**Stored items:**
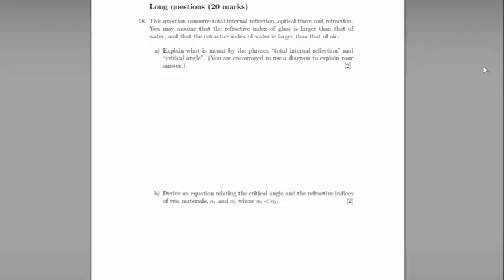Question 18 is the long question. On this occasion, it is about total internal reflection, optic fibres and refraction. It's useful to note that this topic doesn't appear in all exam boards, either at GCSE or A-level.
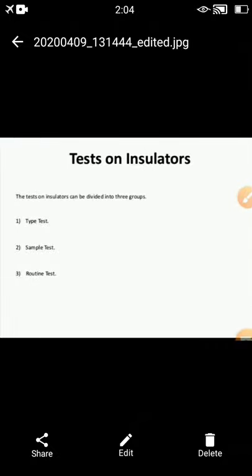The testing of insulators is very important because insulators are used for suitable transmission line purposes. Transmission lines are classified as short, medium, and long transmission lines. There are different tests carried out on insulators. The first type is called the type test, the second is the sample test, and the third is the routine test.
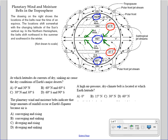Rising air cools, condenses, and forms clouds. The arrows going up represent rising air. So if you have rising air, it cools, condenses, forms clouds, and most likely you're going to have some form of precipitation. This is why these areas are wet.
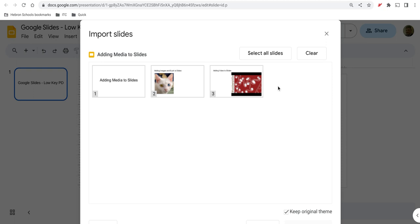If you don't want to import all of them, you don't have to. You can handpick the slides that you want to reuse and then just select the ones you want.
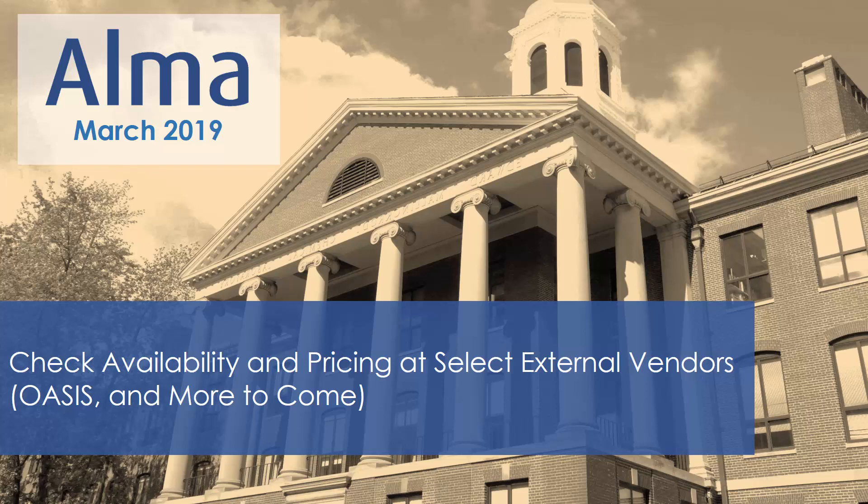Starting in the Alma March 2019 release, you can check the availability and pricing of items via external search of the vendor site. Items can then be ordered from the search results page.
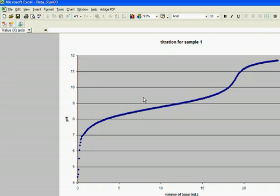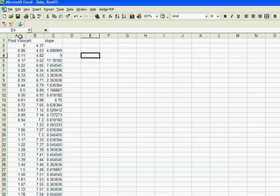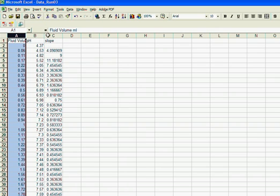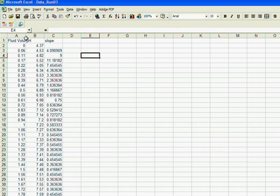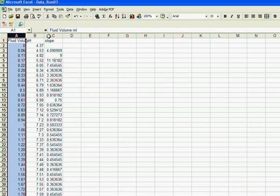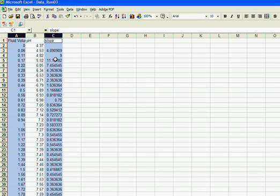Now if I want to make a plot of my slope versus pH, then I'm going to go back to my data and I'm going to click on fluid volume and then I'm going to hold on the control key and click on slope. So my x-value would be fluid volume and my y-value would be the slope. So I'll do a plot of the slope of the curve versus fluid volume, and the maximum value of the slope of the curve should be a peak around the end point.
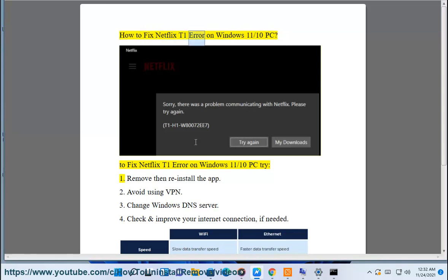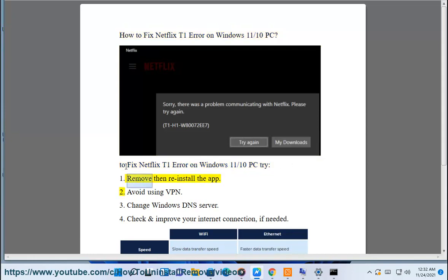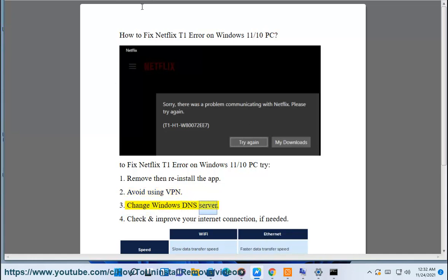How to fix Netflix T1 error on Windows 11/10 PC. To fix Netflix T1 error on Windows 11/10 PC, try: 1. Remove and reinstall the app. 2. Avoid using VPN. 3. Change Windows DNS server.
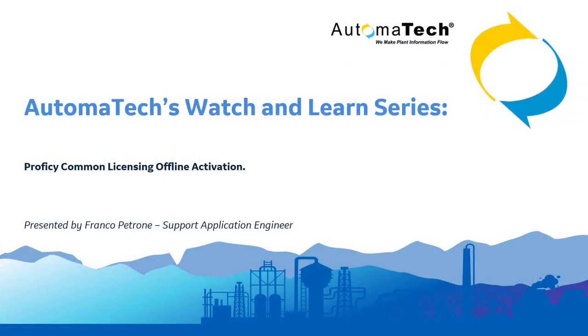This concludes our Watch and Learn series video. If you have any more questions, please contact your sales rep or reach out to support@automatech.com. Thank you and have a wonderful day.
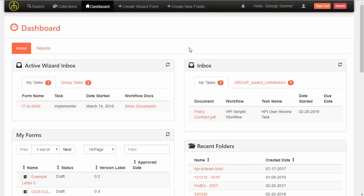Hi, I'm George, TSG's Open Content Product Manager. In this demo, I'm going to demonstrate how it's possible to utilize machine learning to improve document indexing.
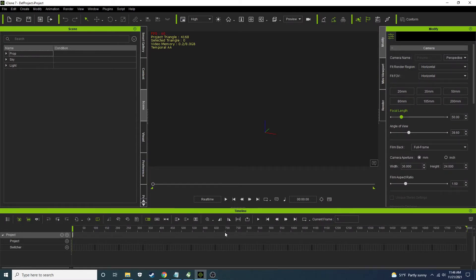Afternoon iCloners. This is the second part in our series of using physics constraints on props for easy animation. The first one looked at the punching bag using a simple hinge constraint. In this one we're going to look at a carnival swing, and I'm going to use a general constraint to make the swing swing out.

**EXERCISE REQUIREMENTS:**
Set down a word-for-word copy of the records, dropping any picture.

**TASK RESPONSE:**
Question 18 is the long question. On this occasion, it is about total internal reflection, optic fibres and refraction. It's useful to note that this topic doesn't appear in all exam boards, either at GCSE or A-level.
The testing of insulators is very important because insulators are used for suitable transmission line purposes. Transmission lines are classified as short, medium, and long transmission lines. There are different tests carried out on insulators. The first type is called the type test, the second is the sample test, and the third is the routine test.
Rising air cools, condenses, and forms clouds. The arrows going up represent rising air. So if you have rising air, it cools, condenses, forms clouds, and most likely you're going to have some form of precipitation. This is why these areas are wet.
If you don't want to import all of them, you don't have to. You can handpick the slides that you want to reuse and then just select the ones you want.
Starting in the Alma March 2019 release, you can check the availability and pricing of items via external search of the vendor site. Items can then be ordered from the search results page.
Now if I want to make a plot of my slope versus pH, then I'm going to go back to my data and I'm going to click on fluid volume and then I'm going to hold on the control key and click on slope. So my x-value would be fluid volume and my y-value would be the slope. So I'll do a plot of the slope of the curve versus fluid volume, and the maximum value of the slope of the curve should be a peak around the end point.
How to fix Netflix T1 error on Windows 11/10 PC. To fix Netflix T1 error on Windows 11/10 PC, try: 1. Remove and reinstall the app. 2. Avoid using VPN. 3. Change Windows DNS server.
This concludes our Watch and Learn series video. If you have any more questions, please contact your sales rep or reach out to support@automatech.com. Thank you and have a wonderful day.
Hi, I'm George, TSG's Open Content Product Manager. In this demo, I'm going to demonstrate how it's possible to utilize machine learning to improve document indexing.
Afternoon iCloners. This is the second part in our series of using physics constraints on props for easy animation. The first one looked at the punching bag using a simple hinge constraint. In this one we're going to look at a carnival swing, and I'm going to use a general constraint to make the swing swing out.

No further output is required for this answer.